_TRY IT:_ What you write must match, character for character, the lines from the one with "Oversized Varsity Tee" down to the one with "Long Sleeve Knit Polo in Red Stripe" in the listing below, minus its pictures.

_AVAILABLE DATA:_
###

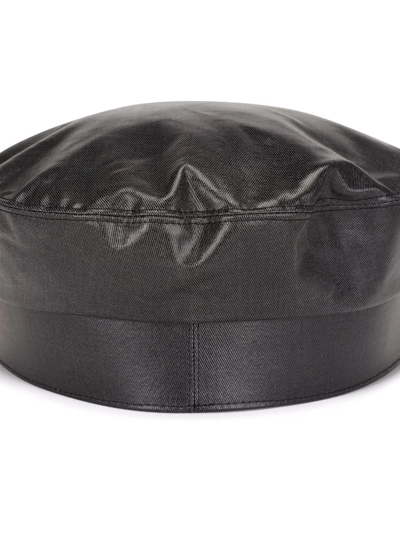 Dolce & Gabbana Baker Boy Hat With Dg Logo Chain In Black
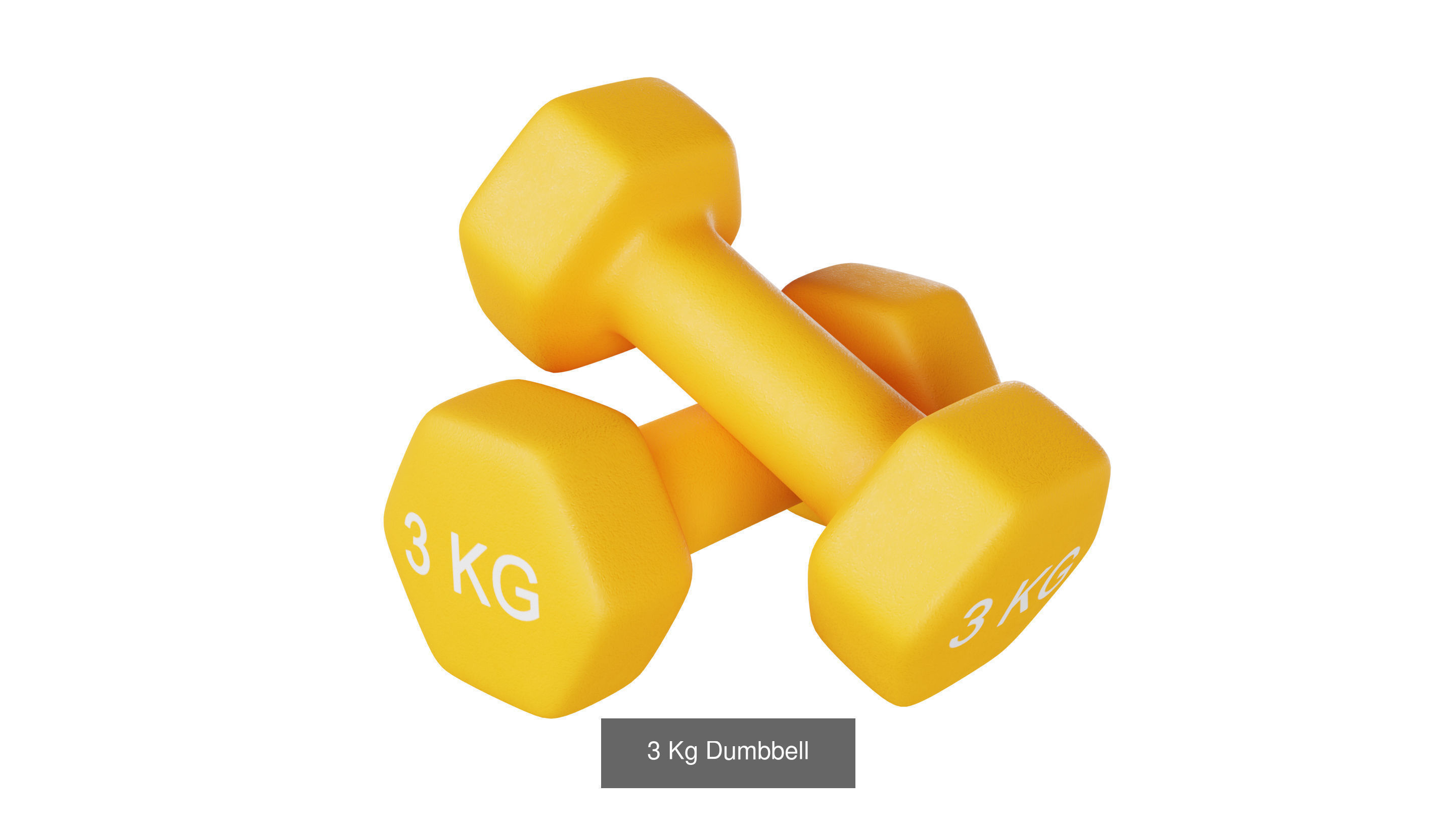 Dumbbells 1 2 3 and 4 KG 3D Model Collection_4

###

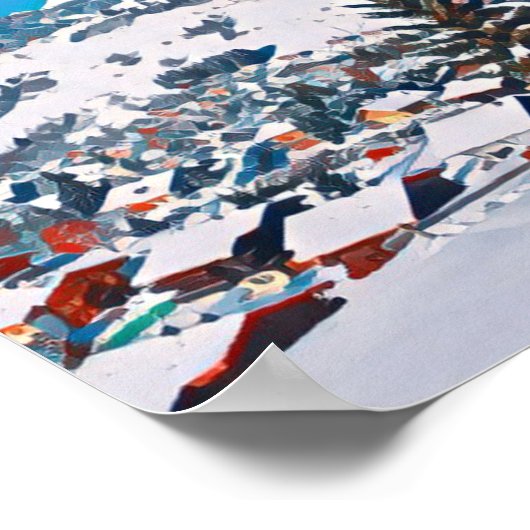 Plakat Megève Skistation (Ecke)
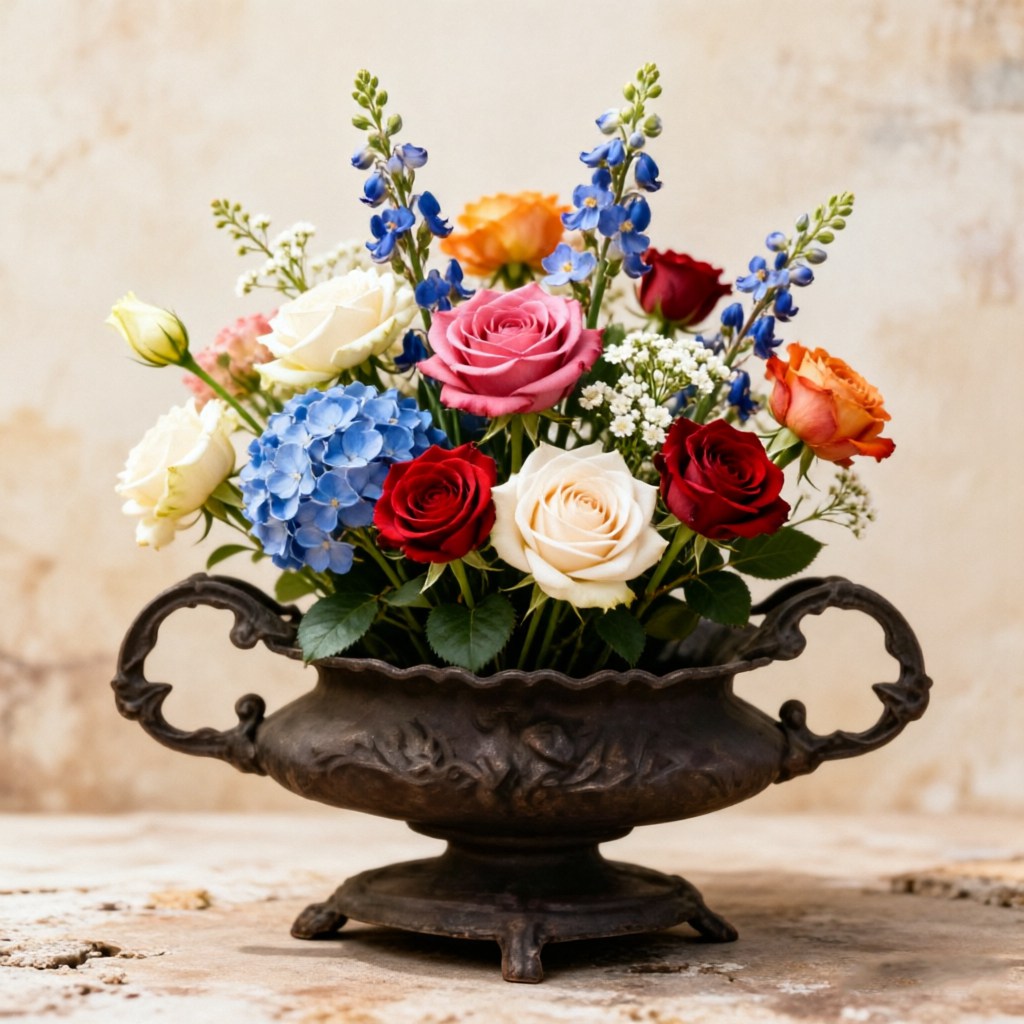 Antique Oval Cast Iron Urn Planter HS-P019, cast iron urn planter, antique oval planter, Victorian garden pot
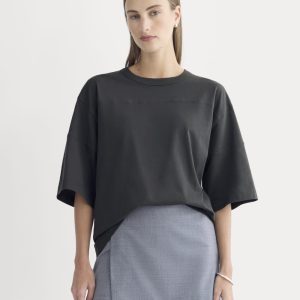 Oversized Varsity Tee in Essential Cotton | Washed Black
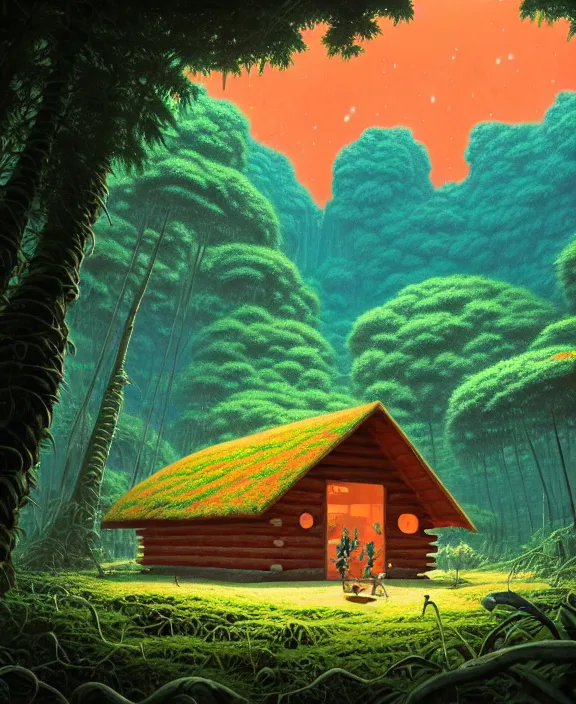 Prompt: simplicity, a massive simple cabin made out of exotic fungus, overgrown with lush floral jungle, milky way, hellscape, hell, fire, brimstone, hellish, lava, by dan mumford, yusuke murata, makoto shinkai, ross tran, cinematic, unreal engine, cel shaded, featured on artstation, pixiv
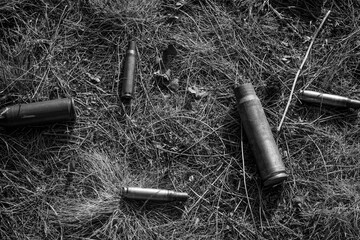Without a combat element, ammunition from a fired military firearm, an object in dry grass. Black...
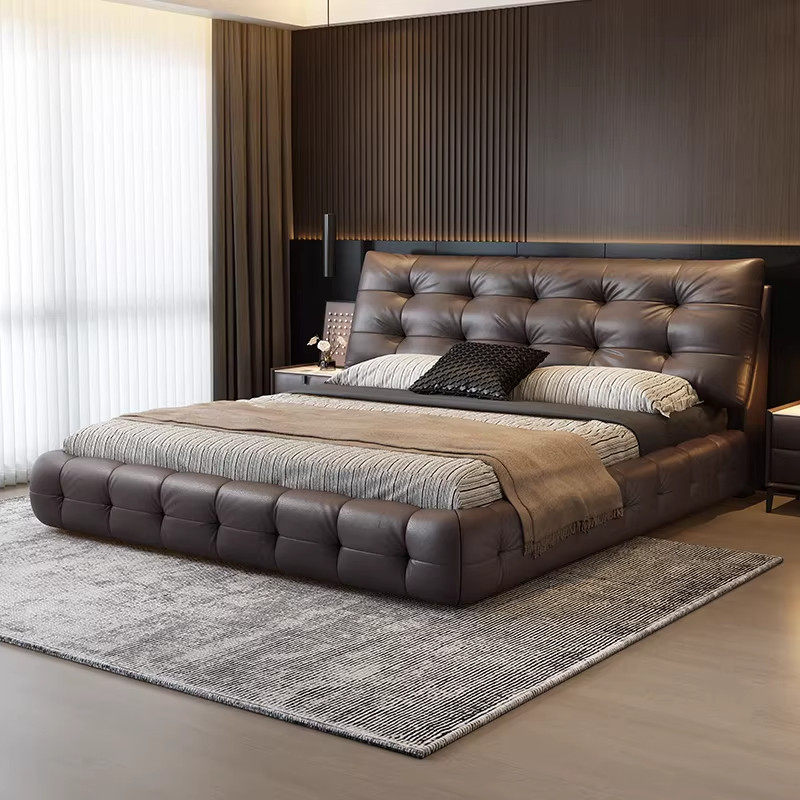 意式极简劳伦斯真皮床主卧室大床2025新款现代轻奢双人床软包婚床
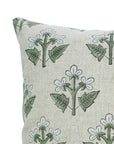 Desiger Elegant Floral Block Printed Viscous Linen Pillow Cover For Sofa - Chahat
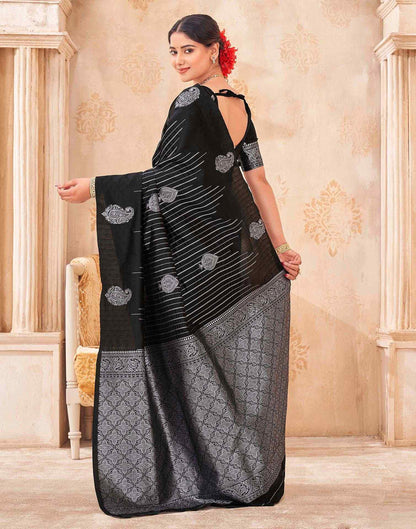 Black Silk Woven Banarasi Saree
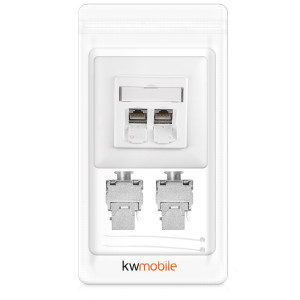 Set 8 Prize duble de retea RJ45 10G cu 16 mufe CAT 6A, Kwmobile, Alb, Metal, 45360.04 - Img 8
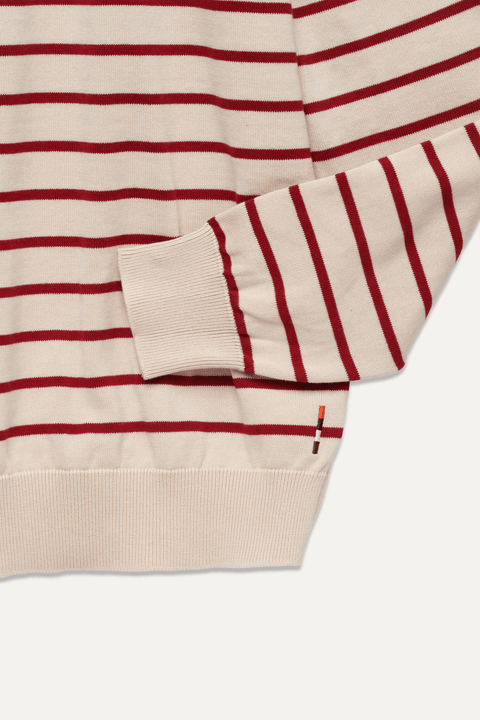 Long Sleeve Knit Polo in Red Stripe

###

_RESULT FOR THIS EXERCISE:_
 Oversized Varsity Tee in Essential Cotton | Washed Black
 Prompt: simplicity, a massive simple cabin made out of exotic fungus, overgrown with lush floral jungle, milky way, hellscape, hell, fire, brimstone, hellish, lava, by dan mumford, yusuke murata, makoto shinkai, ross tran, cinematic, unreal engine, cel shaded, featured on artstation, pixiv
Without a combat element, ammunition from a fired military firearm, an object in dry grass. Black...
 意式极简劳伦斯真皮床主卧室大床2025新款现代轻奢双人床软包婚床
 Desiger Elegant Floral Block Printed Viscous Linen Pillow Cover For Sofa - Chahat
 Black Silk Woven Banarasi Saree
 Set 8 Prize duble de retea RJ45 10G cu 16 mufe CAT 6A, Kwmobile, Alb, Metal, 45360.04 - Img 8
 Long Sleeve Knit Polo in Red Stripe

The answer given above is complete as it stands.